Directions :: Without skipping a line, reproduce the entries exactly.
(The data Opens)
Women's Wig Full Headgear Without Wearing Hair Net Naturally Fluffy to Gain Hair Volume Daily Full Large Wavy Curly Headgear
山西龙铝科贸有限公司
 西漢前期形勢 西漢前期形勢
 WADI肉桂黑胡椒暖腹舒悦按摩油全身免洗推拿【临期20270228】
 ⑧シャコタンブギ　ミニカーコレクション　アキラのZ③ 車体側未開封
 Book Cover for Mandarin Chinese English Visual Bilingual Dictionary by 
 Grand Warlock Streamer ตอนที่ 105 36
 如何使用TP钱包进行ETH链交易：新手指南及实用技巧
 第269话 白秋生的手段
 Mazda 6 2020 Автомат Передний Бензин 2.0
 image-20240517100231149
(The data Closes)
Result ::
Women's Wig Full Headgear Without Wearing Hair Net Naturally Fluffy to Gain Hair Volume Daily Full Large Wavy Curly Headgear
山西龙铝科贸有限公司
 西漢前期形勢 西漢前期形勢
 WADI肉桂黑胡椒暖腹舒悦按摩油全身免洗推拿【临期20270228】
 ⑧シャコタンブギ　ミニカーコレクション　アキラのZ③ 車体側未開封
 Book Cover for Mandarin Chinese English Visual Bilingual Dictionary by 
 Grand Warlock Streamer ตอนที่ 105 36
 如何使用TP钱包进行ETH链交易：新手指南及实用技巧
 第269话 白秋生的手段
 Mazda 6 2020 Автомат Передний Бензин 2.0
 image-20240517100231149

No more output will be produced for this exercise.